Religion is the sigh of the oppressed creature, the heart of a heartless world, and the soul of soulless conditions. It is the opium of the people. The abolition of religion as the illusory happiness of the people is the demand for their real happiness.

With these words Karl Marx condemned religion for making the class-disadvantaged masses complacent in the face of injustice. New data from the Pew Forum, sent in by Dmitriy T.M. and Allie B., suggests that this may be true for some religions more than others!

Visual at GOOD, shown here in three parts:

Allie was actually quite troubled by this figure, arguing that it affirmed stereotypes that Jews controlled all the money and encouraged people of different religions to see each other as competition.
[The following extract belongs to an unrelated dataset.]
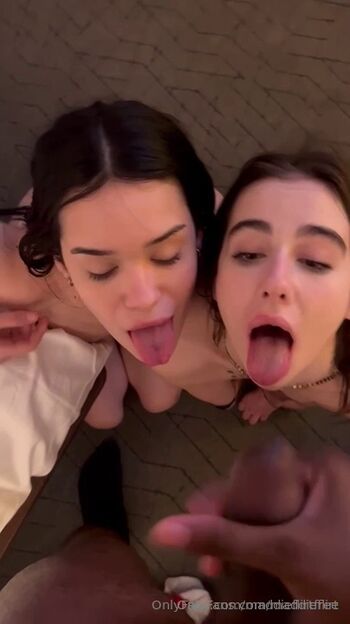 Full leaked Maddieflirt page private photo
Indeed, how we choose to present data is always a political decision.   Why correlate religion with income at all?  Maybe religion is somewhat spurious, compared to variables like geographic location, race, or immigration status.  That is, it may be that income correlates with geography, race, and immigration status and those variables correlate with religion.

It’s pretty tricky to figure these things out (and that’s why we force sociology graduate students to learn fancy statistical methods), but in the end we still can’t attribute causality, just correlation.  Figuring out why and how things correlate requires qualitative of research.

Lisa Wade, PhD is an Associate Professor at Tulane University. She is the author of American Hookup, a book about college sexual culture; a textbook about gender; and a forthcoming introductory text: Terrible Magnificent Sociology. You can follow her on Twitter and Instagram.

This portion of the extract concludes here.